One of the key reasons for the lack of rigidity on this specific printer was that the original delta carriers were manufactured in a somewhat flexible material. A few weeks ago, I machined new ones in aluminum, and while this dramatically improved the rigidity and printing performance, ringing was still significant. I contemplated converting it to a Bowden design, but before doing that I wanted to test an idea I've had for a while but never really had the chance to develop: Could we reduce ringing by making the motion control be more aware of the dynamics of the mechanical system?
The general idea is that 3D printer mechanics can be modeled as mass-spring-damper systems, with the "spring" coming from the electrical field in stepper motors, elasticity in belts and the flexibility in other motion components. For deeper discussion and analysis, I did a little bit of modeling and simulation, summarized in this short write-up:
The approach from that analysis turned out to be remarkably simple and like many other ideas seems to work well in theory, but as we know, the difference between practice and theory is always greater in practice than theory. To get some signal on the practical validity, I prototyped a test on the actual printer, and here are the first results.

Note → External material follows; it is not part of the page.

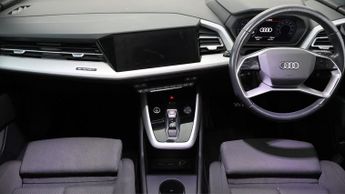 Audi Q4 e-tron SPORT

A (somewhat janky) video showing the method running live: https://youtu.be/3ze9RwqkLqU
The specific parameters for the correction above was
f_n=40.4 Hz, zeta=0.
I got these results without making any FW changes. I instead abused the motion planner by feeding it G-code that simulated the required motion profiles. I think the results look pretty interesting and this is probably worth pursuing further.
One interesting aspect is that this approach has many similarities to extruder pressure advance. One key difference is that mechanical motion is generally underdamped (zeta<1), while pressure advance is probably overdamped (zeta>1), although I've certainly seen cases where the extruder has a pulsing or oscillating behavior.
It should be noted though that there are two big limitations to this approach.
- This approach does in theory rely on s-curve acceleration profiles (continuous acceleration profiles) in order to give a continuous control signal. It's possible that an approximation will allow it to work reasonably well with classic constant-acceleration profiles (the simulation indicates this), but s-curve acceleration is certainly preferred. Maybe this will end up being the key value proposition for s-curves.
- For a similar reason, this approach is incompatible with the "instantaneous velocity change" method that we are used to. I'd like to write a bit more about this later, but the tl;dr is that I think it's time to move away from instantaneous velocity change toward a more general profile smoothing approach. That will have other nice side-effects too.
Anyway, I thought I'd look for some feedback here before proceeding to explore prototype an actual FW modification.